To do: Set the records down again in full, exactly as they are, apart from the images.

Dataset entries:
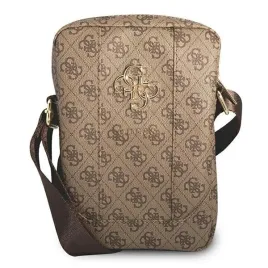 guess-torba-gutb8g4gfbr-8-brazowa-brown-4g-big-metal-logo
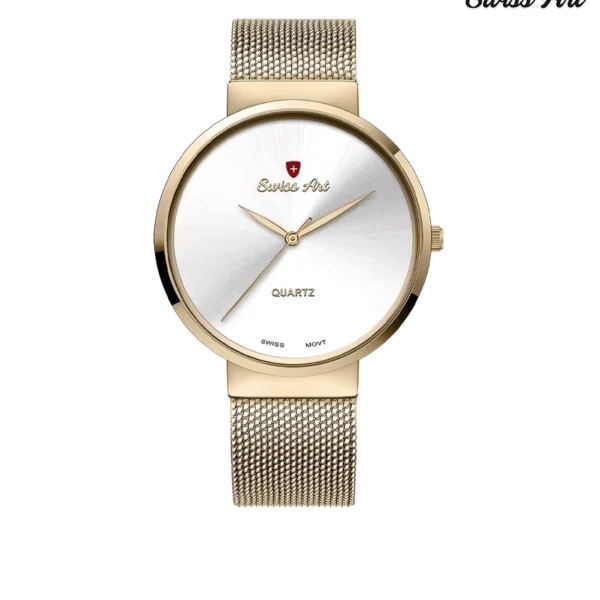 ساعت مچی سوئیس آرت 920121GD0300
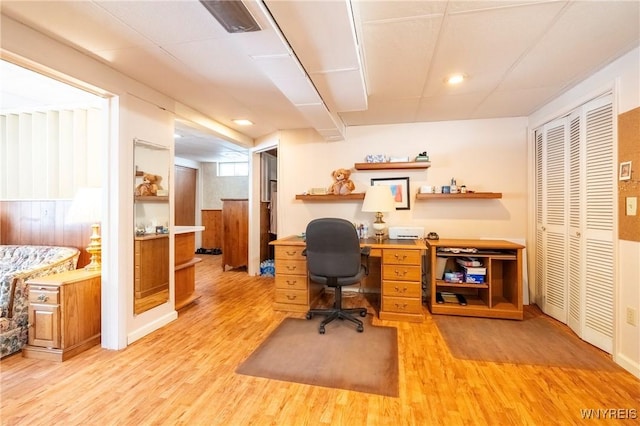 3101 Culvert Rd, Ridgeway, NY 14103 - photo 10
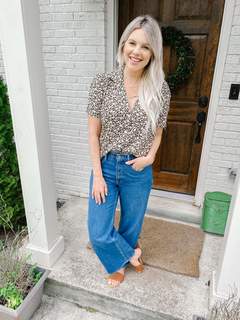Ali Fedotowsky feet photo 15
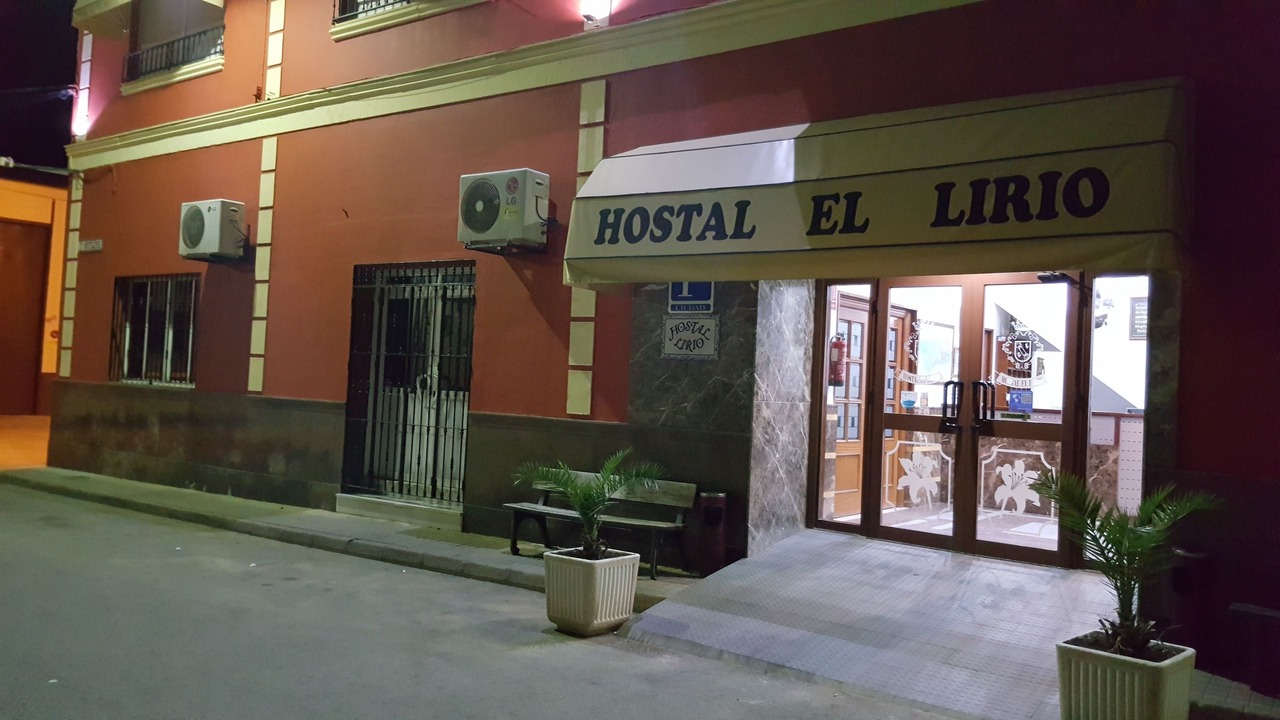 Photo of Outdoor in Bollullos Par del Condado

Your solution:
 guess-torba-gutb8g4gfbr-8-brazowa-brown-4g-big-metal-logo
 ساعت مچی سوئیس آرت 920121GD0300
 3101 Culvert Rd, Ridgeway, NY 14103 - photo 10
Ali Fedotowsky feet photo 15
 Photo of Outdoor in Bollullos Par del Condado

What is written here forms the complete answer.